Философский камень - [98]
— Доверьтесь моему руководству, — сказал каноник почти с нежностью. — Одному Богу судить, какова будет доля лицемерия в завтрашнем вашем отречении. Сами же вы не лицемерите: то, в чем вы усматриваете ложь, быть может, на самом деле и есть истинный символ веры, который изъявляется помимо вашей воли. Истина сокровенными путями проникает в душу, которая более против нее не упорствует.
— Так же, как и ложь, — спокойно заметил философ. — Нет, дражайший мой отец, иногда я лгал, чтобы выжить, но я начинаю терять способность ко лжи.
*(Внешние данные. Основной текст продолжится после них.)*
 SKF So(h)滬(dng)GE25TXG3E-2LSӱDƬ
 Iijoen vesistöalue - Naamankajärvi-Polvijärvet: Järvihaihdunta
Между вами и нами, между взглядами Иеронимуса ван Пальмерта, епископа, и вашими, с одной стороны, и моими — с другой, иногда случается подобие, бывает также, они примиряются ценой взаимных уступок, но постоянное согласие между ними невозможно. Они сходны с кривыми, которые берут начало на общей плоскости, каковой является человеческий разум, но тотчас расходятся, чтобы вновь сойтись, и опять разбегаются в стороны, иногда пересекаясь в своих траекториях или, напротив, совмещаясь в отдельных своих отрезках, но никто не знает, встретятся они или нет в точке, которая находится за пределами доступного нам кругозора. Было бы неправдою объявить их параллельными.
— Вы сказали «нами», — прошептал каноник с некоторым ужасом. — Но ведь вы один.
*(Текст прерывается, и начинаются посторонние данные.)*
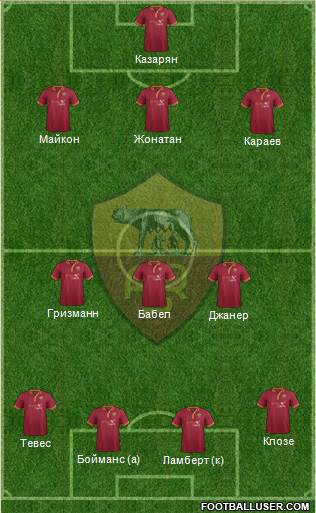 AS Roma Formation 2014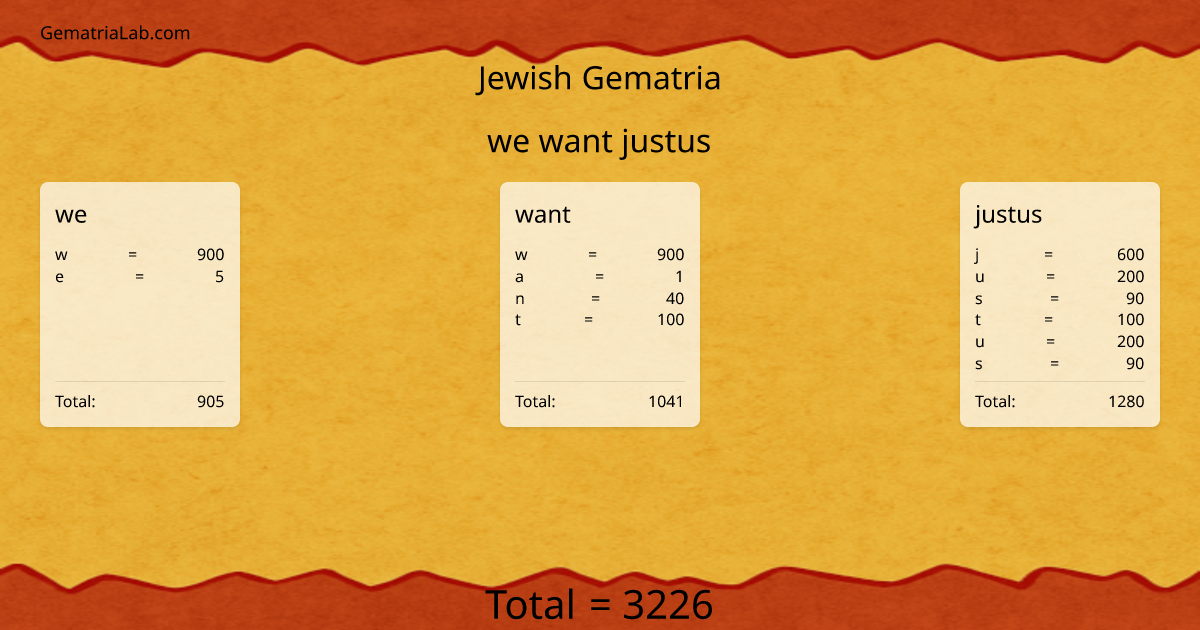 we want justus in jewish Gematria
— Да, конечно, — сказал философ. — По счастью, у меня нет сообщников, которых я мог бы выдать. Каждый из нас сам себе наставник и последователь. Опыт каждый раз начинается с нуля.
— Покойный приор миноритов, который, несмотря на излишнюю свою покладистость, был, однако, добрым христианином и примерным монахом, не мог знать, какую бездну бунтарства избрали вы своей стезей, — почти едко сказал каноник. — Уж верно, вы часто и много ему лгали.
— Ошибаетесь, — сказал узник, едва ли не враждебно взглянув на человека, который хотел его спасти. — То, что соединяло нас, было выше наших несогласий.
Он встал, словно это ему принадлежало право положить конец беседе. Горе старика сменилось гневом.
— Ваше упорство продиктовано нечестивой верой, и вы вообразили себя ее мучеником, — с негодованием объявил он. — Вы, как видно, хотите принудить епископа умыть руки...
— Неудачное выражение... — заметил философ. Старик нагнулся, чтобы подобрать палки, заменявшие ему костыли, с шумом сдвинув кресло, в котором сидел. Зенон наклонился и подал ему палки. Каноник с усилием встал. Тюремщик Герман Мор, который держался начеку в коридоре, услышав шум шагов и передвигаемых кресел, уже повернул ключ в замке, поскольку счел, что беседа окончена. Но Бартоломе Кампанус крикнул ему, чтобы он подождал еще немного. Приоткрытая дверь вновь затворилась.
— Я дурно исполнил свою миссию, — сказал старый священник с внезапным самоуничижением. — Ваша неподатливость вселяет в меня ужас, ибо говорит о полном безразличии к спасению души. Сознаете вы это или нет, но только ложный стыд побуждает вас предпочесть смерть публичному назиданию, которое предшествует отречению...
— ...Когда кающийся держит в руке зажженную свечу и по-латыни отвечает на латинскую же речь монсеньора епископа, — саркастически добавил узник. — Скажу откровенно, пережить подобные четверть часа весьма неприятно...
— Но и смерть не легче, — в отчаянии сказал старик.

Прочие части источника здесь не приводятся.